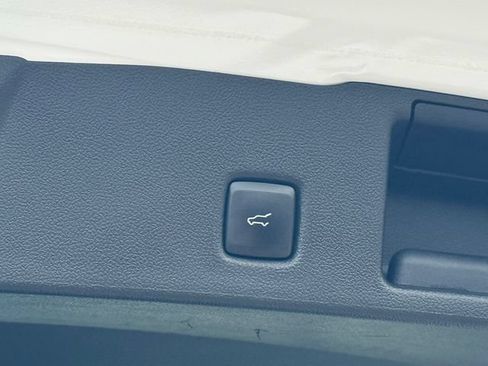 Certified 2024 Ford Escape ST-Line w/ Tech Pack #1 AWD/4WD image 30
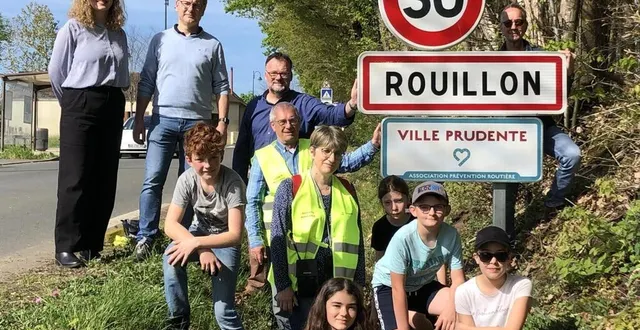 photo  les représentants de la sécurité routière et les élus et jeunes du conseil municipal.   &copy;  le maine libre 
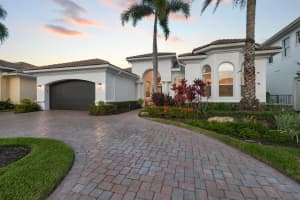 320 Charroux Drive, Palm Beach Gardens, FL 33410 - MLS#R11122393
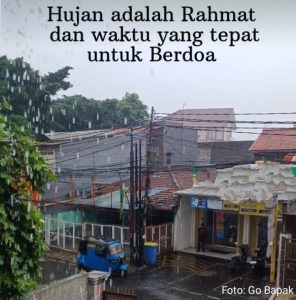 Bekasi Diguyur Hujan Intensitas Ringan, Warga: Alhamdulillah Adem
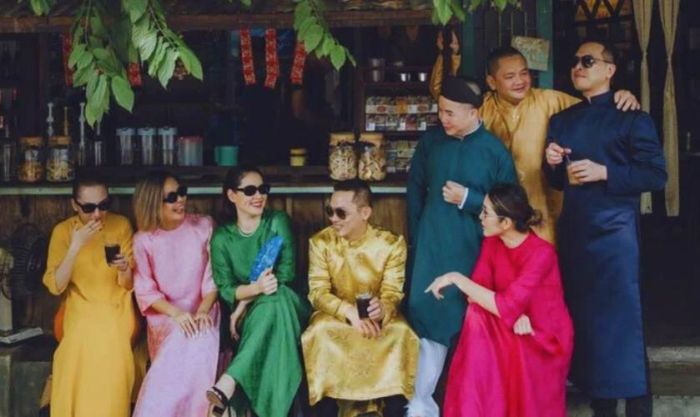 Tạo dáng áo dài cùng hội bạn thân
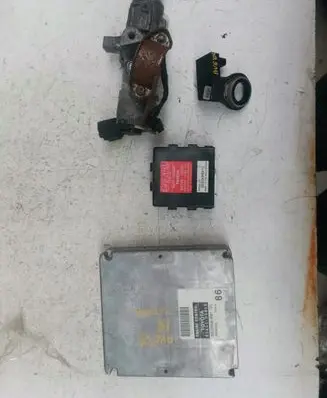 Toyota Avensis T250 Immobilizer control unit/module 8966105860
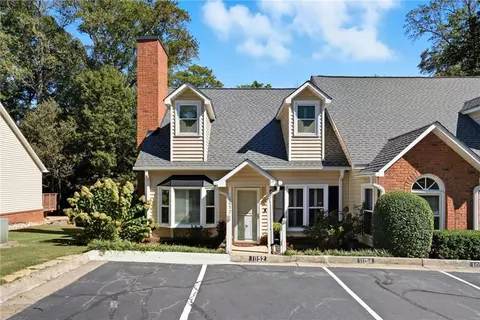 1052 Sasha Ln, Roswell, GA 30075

★ ★ ★ ★ ★ ★ ★

• _Task directions_: The response should consist of the lines above from the first through the one containing "320 Charroux Drive, Palm", transcribed exactly, with every picture left out.

• _Response for this exercise_:
 Certified 2024 Ford Escape ST-Line w/ Tech Pack #1 AWD/4WD image 30
 photo  les représentants de la sécurité routière et les élus et jeunes du conseil municipal.   &copy;  le maine libre 
 320 Charroux Drive, Palm Beach Gardens, FL 33410 - MLS#R11122393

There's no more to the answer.